:: Supplied entries ::
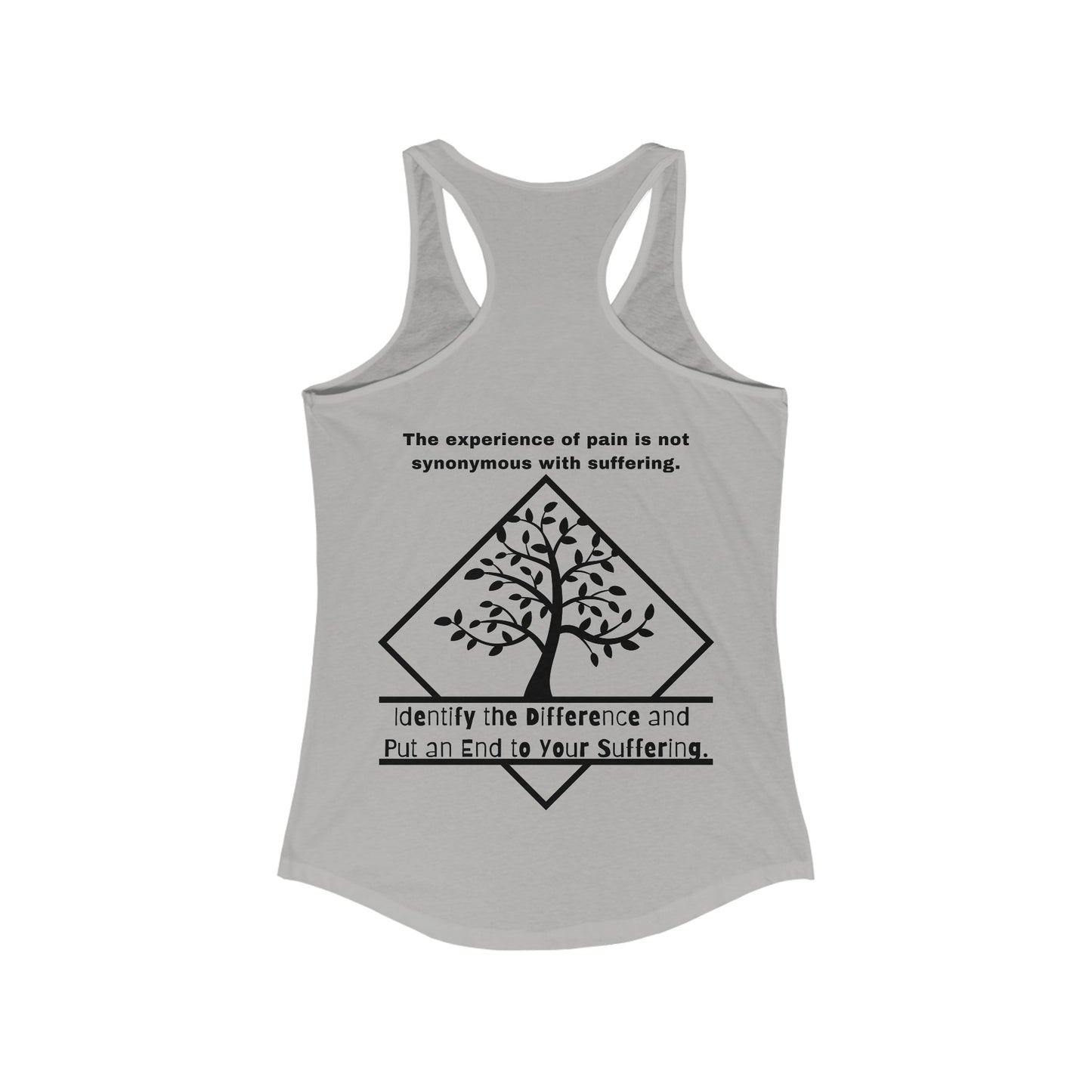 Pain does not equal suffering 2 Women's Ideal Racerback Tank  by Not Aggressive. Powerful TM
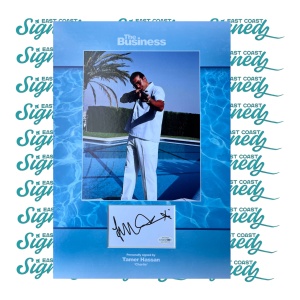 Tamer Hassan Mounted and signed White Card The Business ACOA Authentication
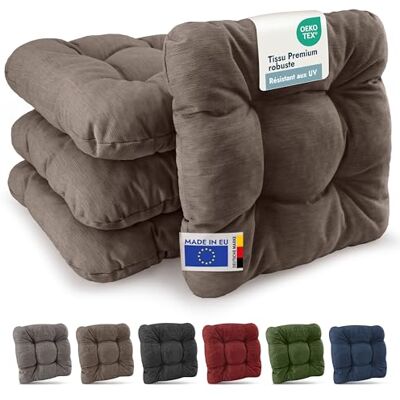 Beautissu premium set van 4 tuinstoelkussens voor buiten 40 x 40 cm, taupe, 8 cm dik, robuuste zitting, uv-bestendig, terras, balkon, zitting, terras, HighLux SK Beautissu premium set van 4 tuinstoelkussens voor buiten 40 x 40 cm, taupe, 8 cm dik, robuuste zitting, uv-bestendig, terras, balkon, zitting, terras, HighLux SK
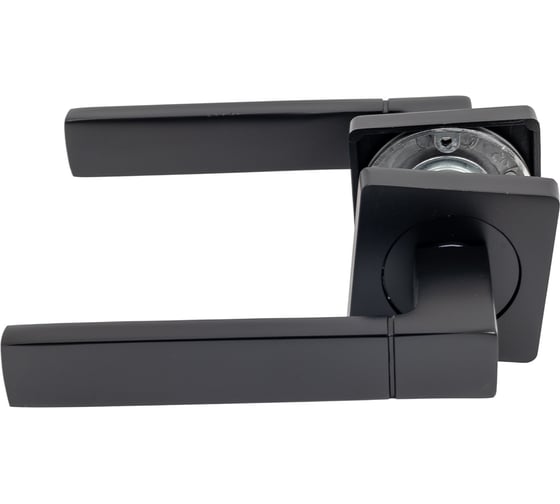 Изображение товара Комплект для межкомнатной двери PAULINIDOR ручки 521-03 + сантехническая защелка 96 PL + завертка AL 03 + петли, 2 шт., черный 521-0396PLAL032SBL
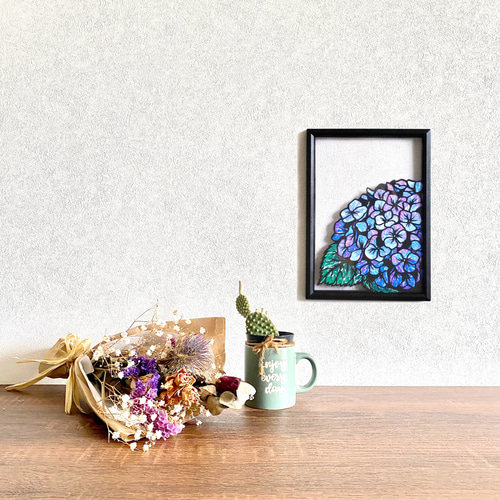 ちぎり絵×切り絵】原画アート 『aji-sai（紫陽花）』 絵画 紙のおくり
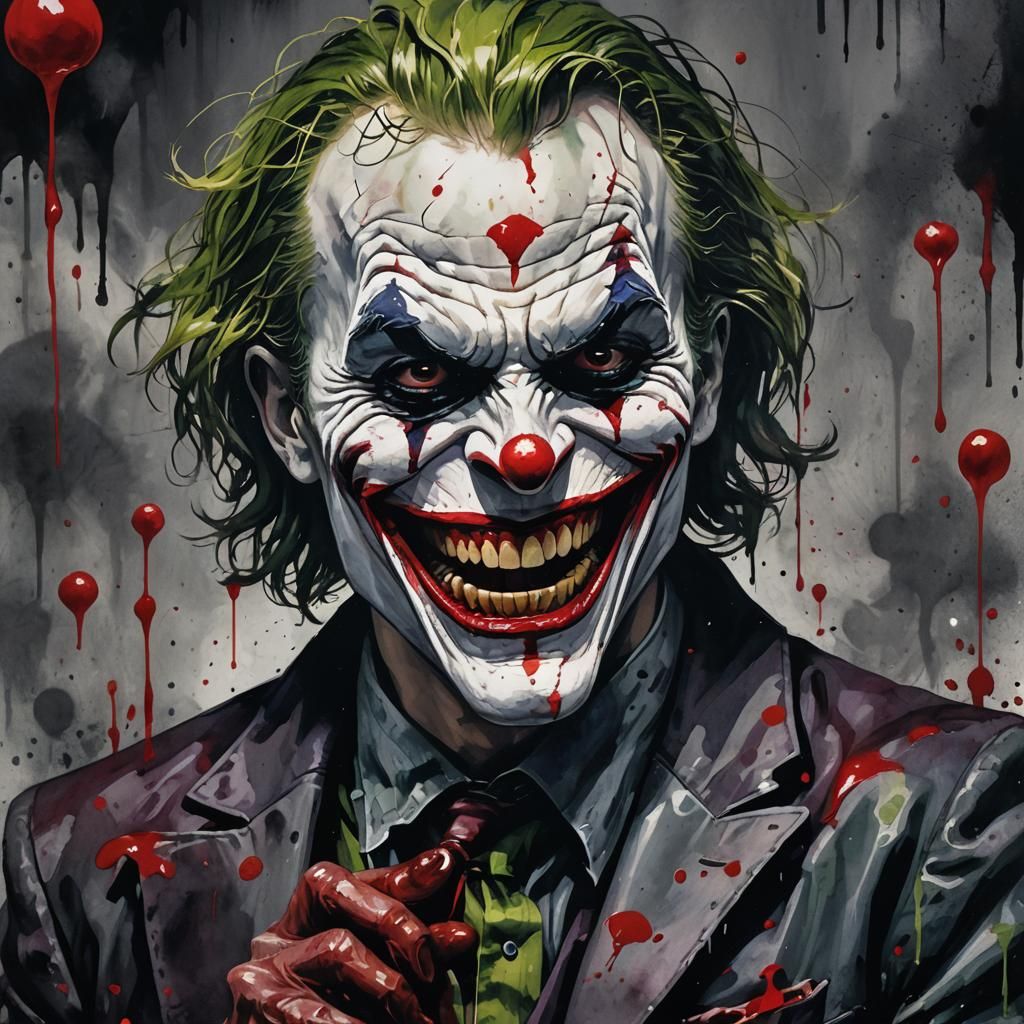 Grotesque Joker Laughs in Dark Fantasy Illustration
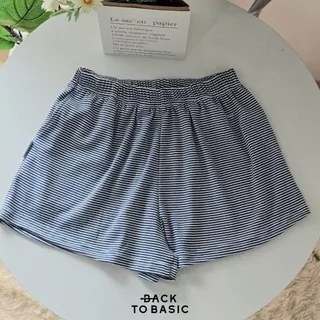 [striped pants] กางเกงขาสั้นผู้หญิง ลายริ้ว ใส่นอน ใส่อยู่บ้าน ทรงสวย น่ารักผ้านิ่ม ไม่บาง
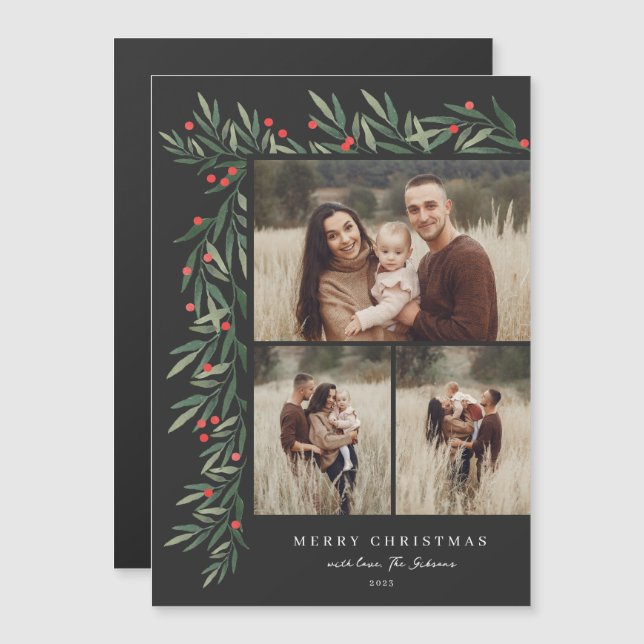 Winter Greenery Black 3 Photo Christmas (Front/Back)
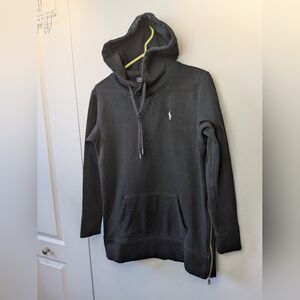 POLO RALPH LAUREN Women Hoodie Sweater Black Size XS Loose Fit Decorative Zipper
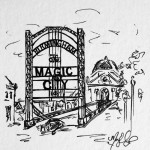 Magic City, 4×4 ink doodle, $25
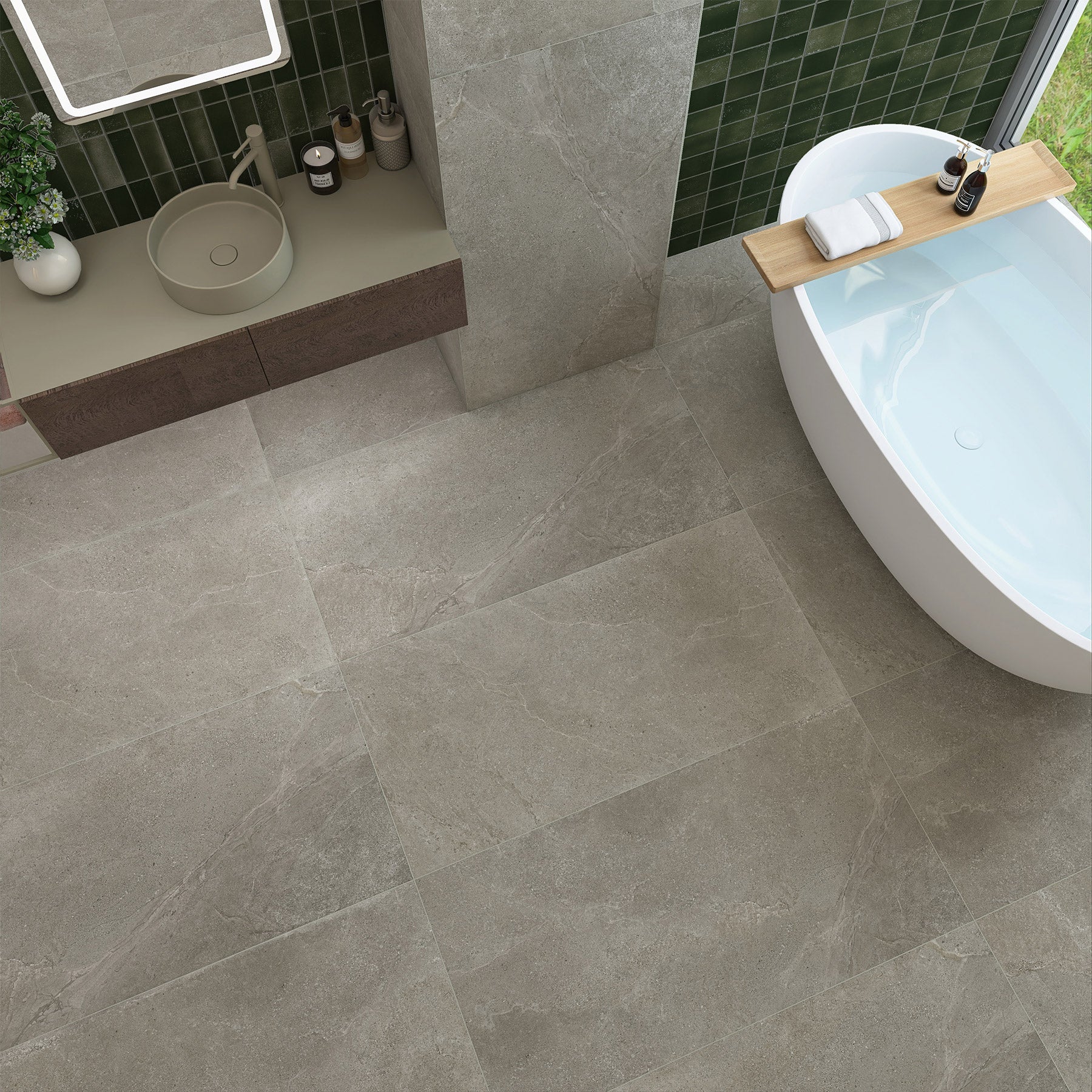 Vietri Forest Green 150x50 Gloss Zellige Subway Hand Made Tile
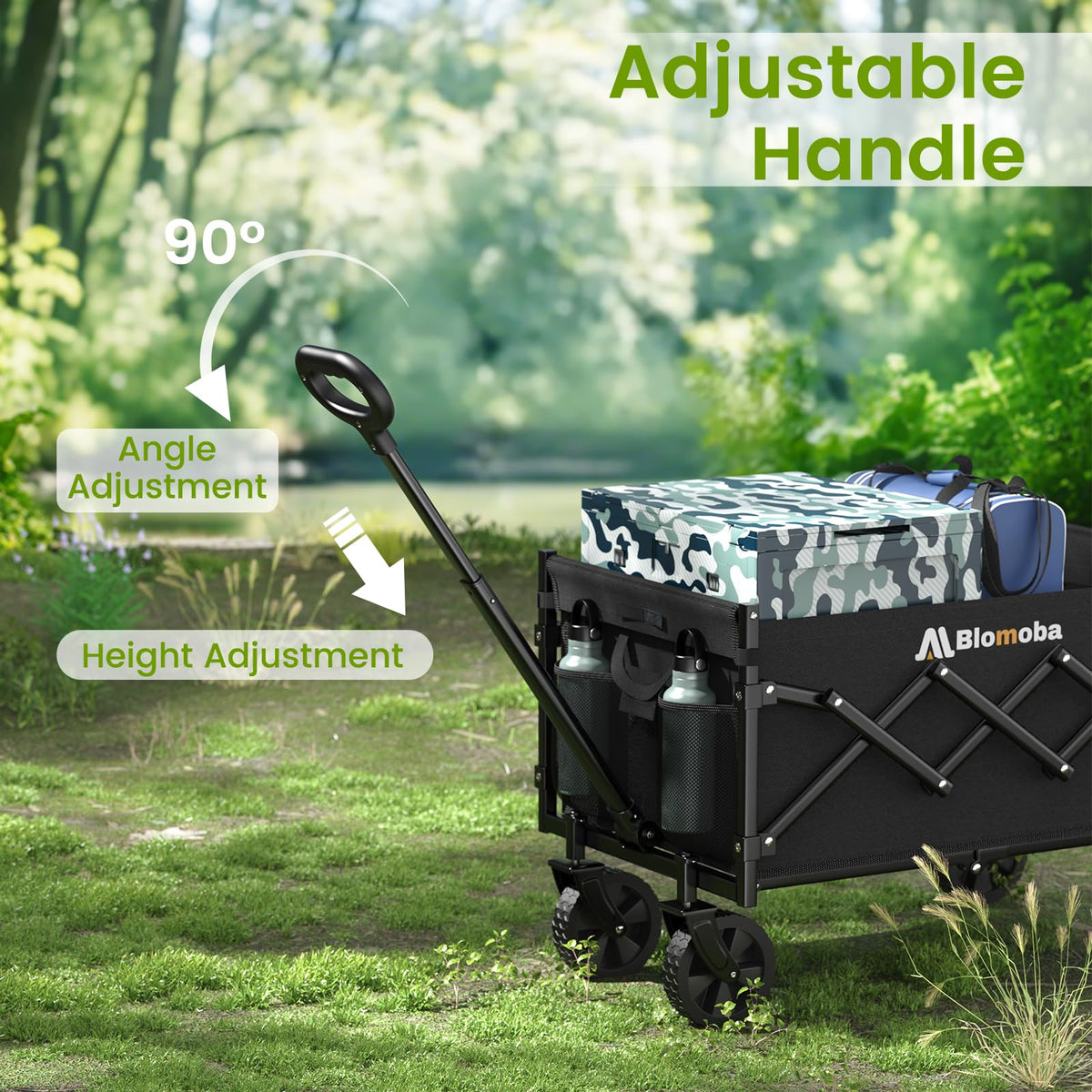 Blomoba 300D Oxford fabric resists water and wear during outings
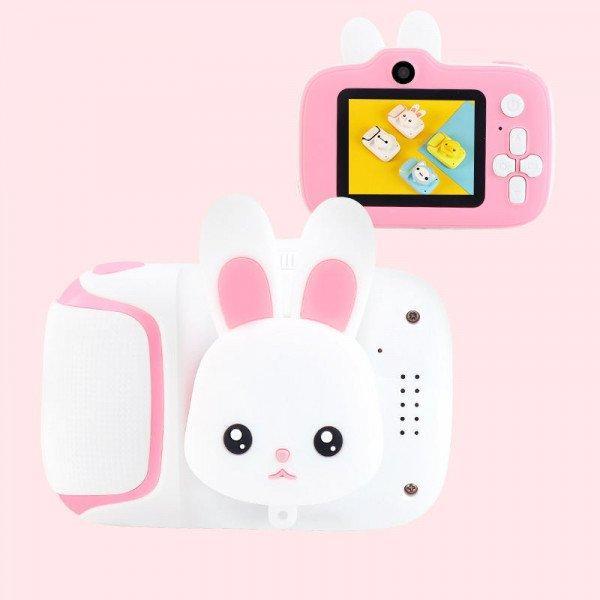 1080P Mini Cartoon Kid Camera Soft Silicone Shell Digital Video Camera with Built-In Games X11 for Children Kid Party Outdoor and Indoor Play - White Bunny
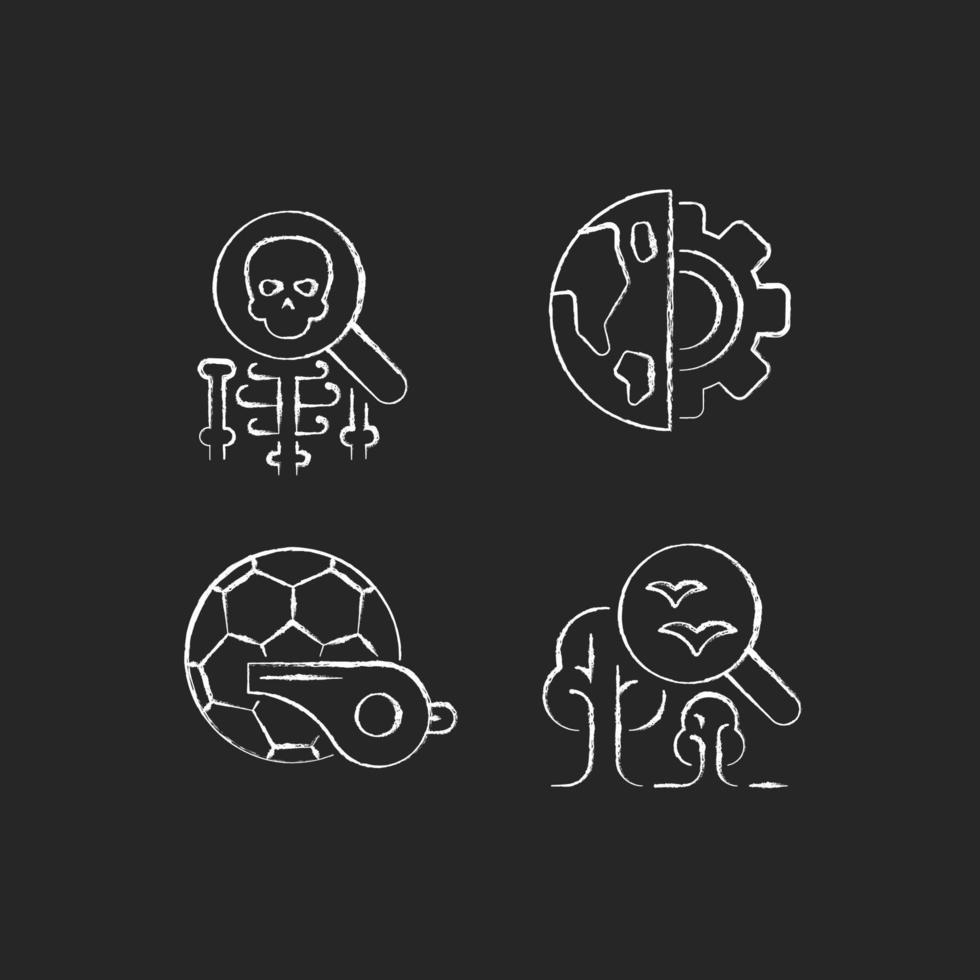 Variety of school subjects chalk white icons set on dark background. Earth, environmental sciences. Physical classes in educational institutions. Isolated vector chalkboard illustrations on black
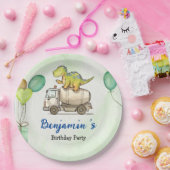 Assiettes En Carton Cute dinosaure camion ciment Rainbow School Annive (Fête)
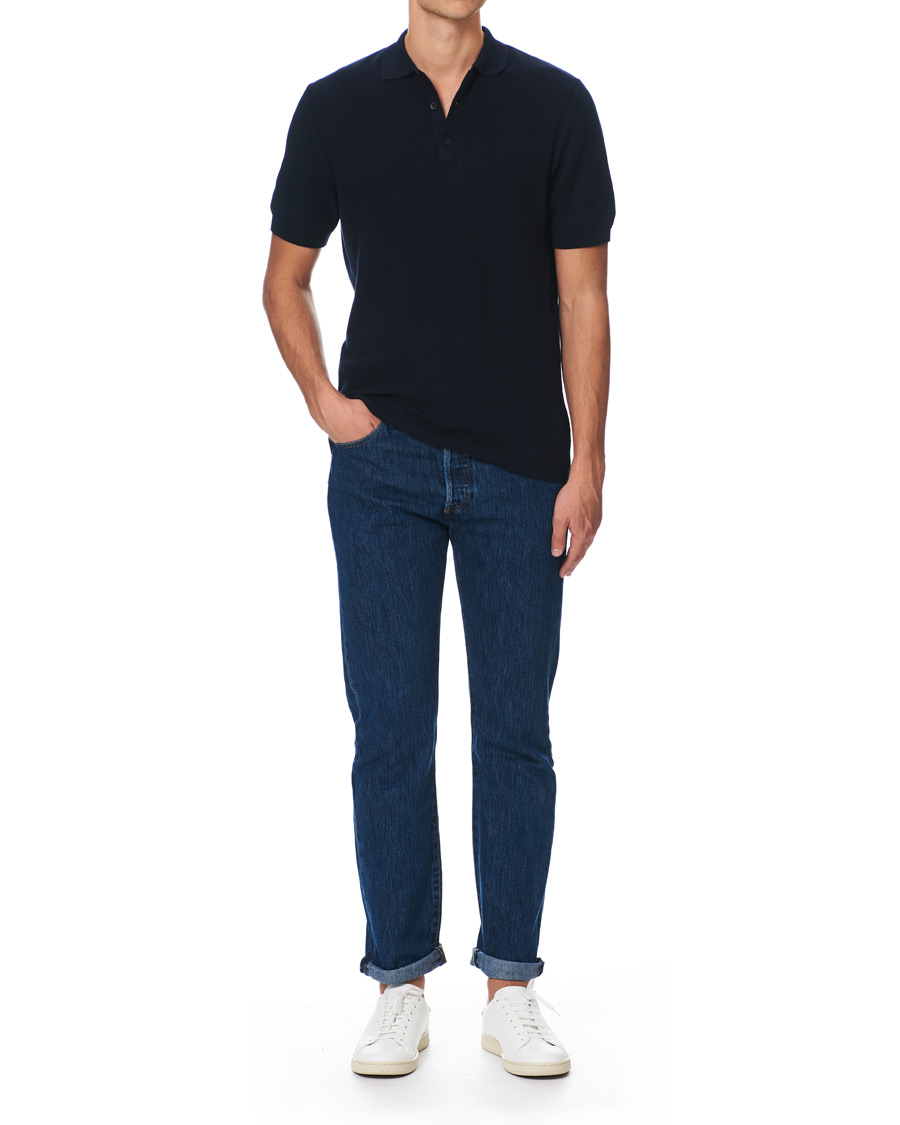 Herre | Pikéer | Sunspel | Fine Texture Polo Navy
:::
What the task asks:
The output is the data above, repeated exactly, with pictures omitted.

Exercise response:
 Pain does not equal suffering 2 Women's Ideal Racerback Tank  by Not Aggressive. Powerful TM
 Tamer Hassan Mounted and signed White Card The Business ACOA Authentication
 Beautissu premium set van 4 tuinstoelkussens voor buiten 40 x 40 cm, taupe, 8 cm dik, robuuste zitting, uv-bestendig, terras, balkon, zitting, terras, HighLux SK Beautissu premium set van 4 tuinstoelkussens voor buiten 40 x 40 cm, taupe, 8 cm dik, robuuste zitting, uv-bestendig, terras, balkon, zitting, terras, HighLux SK
 Изображение товара Комплект для межкомнатной двери PAULINIDOR ручки 521-03 + сантехническая защелка 96 PL + завертка AL 03 + петли, 2 шт., черный 521-0396PLAL032SBL
 ちぎり絵×切り絵】原画アート 『aji-sai（紫陽花）』 絵画 紙のおくり
 Grotesque Joker Laughs in Dark Fantasy Illustration
 [striped pants] กางเกงขาสั้นผู้หญิง ลายริ้ว ใส่นอน ใส่อยู่บ้าน ทรงสวย น่ารักผ้านิ่ม ไม่บาง
 Winter Greenery Black 3 Photo Christmas (Front/Back)
 POLO RALPH LAUREN Women Hoodie Sweater Black Size XS Loose Fit Decorative Zipper
 Magic City, 4×4 ink doodle, $25
 Vietri Forest Green 150x50 Gloss Zellige Subway Hand Made Tile
 Blomoba 300D Oxford fabric resists water and wear during outings
 1080P Mini Cartoon Kid Camera Soft Silicone Shell Digital Video Camera with Built-In Games X11 for Children Kid Party Outdoor and Indoor Play - White Bunny
 Variety of school subjects chalk white icons set on dark background. Earth, environmental sciences. Physical classes in educational institutions. Isolated vector chalkboard illustrations on black
 Assiettes En Carton Cute dinosaure camion ciment Rainbow School Annive (Fête)
 Herre | Pikéer | Sunspel | Fine Texture Polo Navy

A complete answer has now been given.